久しぶりに森浩一先生の新書を読み直しました。
森浩一『古墳の発掘 増補版』中公新書、1972年(初版は1965年)
ずいぶん前に購入し、すっかり内容を忘れていたので、新たな気持ちで読みました。私が大学に入学した頃はちょうど考古学ブームで、森先生に憧れて考古学を学びたいという学生が多かったことを思い出します。
内容は、①古墳研究の歴史、②古墳の謎や諸問題、③古墳の破壊に分けられます。①②ともに、私のような考古学の初学者にわかりやすく書かれており、興味深い内容です。今あらためて読むと、森先生が古墳の保護運動に奔走し、実際に体験されたことに基づいて書かれた③がもっとも衝撃的でとても印象に残りました。
2019年に百舌鳥・古市古墳群が世界遺産に登録されて記憶に新しいですが、大阪南部でも戦後から高度経済成長期にかけて、開発の波が押し寄せる中、多くの古墳が破壊されたという事実が生々しく描かれています。驚くのは、この本が出版された1960~70年代に起こっていた、現代の社会問題として、古墳の破壊の現状を述べている点です。

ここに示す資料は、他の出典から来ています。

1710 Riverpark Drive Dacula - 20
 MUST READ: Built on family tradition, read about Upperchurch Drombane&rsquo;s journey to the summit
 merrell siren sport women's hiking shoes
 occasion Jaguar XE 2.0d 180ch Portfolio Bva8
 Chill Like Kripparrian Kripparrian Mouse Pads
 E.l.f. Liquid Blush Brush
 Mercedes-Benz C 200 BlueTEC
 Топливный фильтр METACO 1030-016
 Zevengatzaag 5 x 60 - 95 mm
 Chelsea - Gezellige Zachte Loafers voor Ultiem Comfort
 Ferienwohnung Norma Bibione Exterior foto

③は現在では、戦後の古墳の破壊・保存運動についての貴重な記録という性格を有していると思います。関心のある方は是非お読みください。ただし、新本はもう入手出来ないようなので、図書館で借りるか、古本をお求めください。
〈目次〉 *増補版(1972年)のもの
発き掘られるもの
古代人の悲劇
盗掘された御陵
古墳研究のはじまり
水戸黄門の古墳研究
仁徳陵の発掘
英人ゴーランド以後
墳丘・棺・死者
「前方後円」の古墳
墳丘の規模
棺の諸問題
死者の世界
失われた死者を求めて
タブーの天皇陵
古墳の破壊
東海道新幹線と名神高速道路
古墳をねらう土建業者
古墳の運命
*山田邦和「森浩一『古墳の発掘』」(『日本史研究』688号、2019年)
「特集 戦後歴史学の著作を読む(5)」で本書が取り上げられています。本書の魅力や価値について、詳細に書かれています。本書についてもっと掘り下げたい方は是非お読みください。